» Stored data
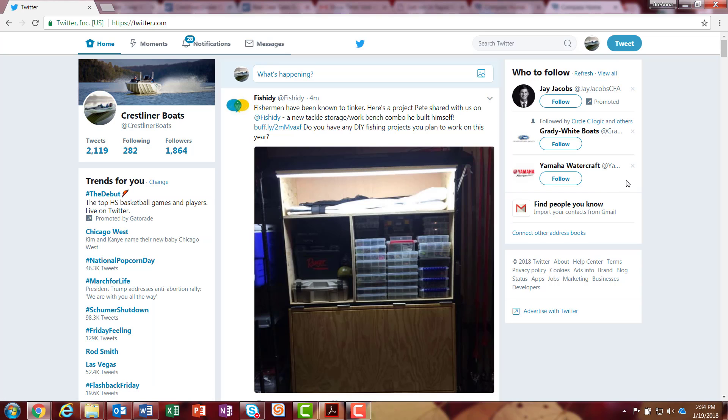This brings me to the Twitter homepage. So this isn't my profile page. This is the actual homepage of Twitter, and this is where you do majority of your posting. So right now we're just going to post a status or better known in the Twitter world as a tweet.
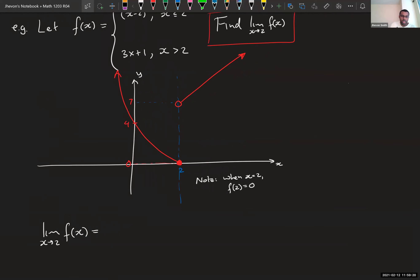Now if I ask you what is the limit as x approaches 2 of this function — there's a hole up at seven and it's filled in at (2, 0). The filled-in output is zero and the hole is at level seven. What's the limit?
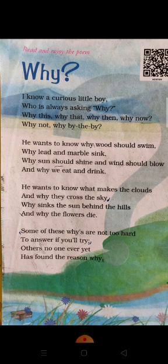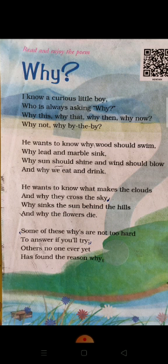So let's start. I know a curious little boy who is always asking why — why this, why that, why when, why then, why now, why not. By the by, he wants to know why wood should swim, why lead and marble sink, why sun should shine and wind should blow, and why we eat and drink.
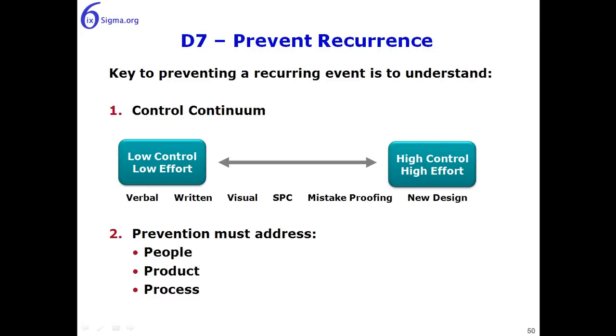Let's wrap up our series in 8D by looking at D7, D8, and the 8D report.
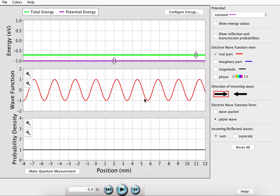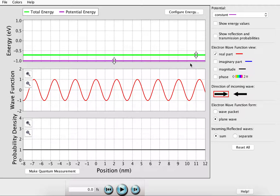This is a simulation of the effect that an external potential has on a plane wave. We're going to start out with a constant external potential, looking only at the real part of the wave function. The wave is going to be propagating from left to right — this is arbitrary. We're going to be looking at a plane wave, not a wave packet, and we want to be looking at the sum of incoming and reflected waves. The purple line represents the external potential, whereas the green line represents the energy of the wave.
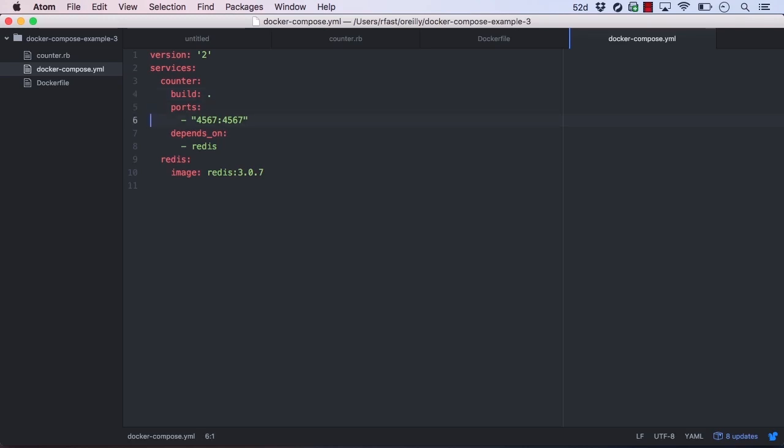Just like before, we want the ports mapped so that we can access them on the Docker host. We'd also like our application to start up after Redis, so we specify the Redis service as a dependency of our built application.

» Required action
In the records above, find the line with "So let's start." and the line with "Let's wrap up", then restate word for word only those two lines and all lines between, omitting pictures.

» Written answer
So let's start. I know a curious little boy who is always asking why — why this, why that, why when, why then, why now, why not. By the by, he wants to know why wood should swim, why lead and marble sink, why sun should shine and wind should blow, and why we eat and drink.
Let's wrap up our series in 8D by looking at D7, D8, and the 8D report.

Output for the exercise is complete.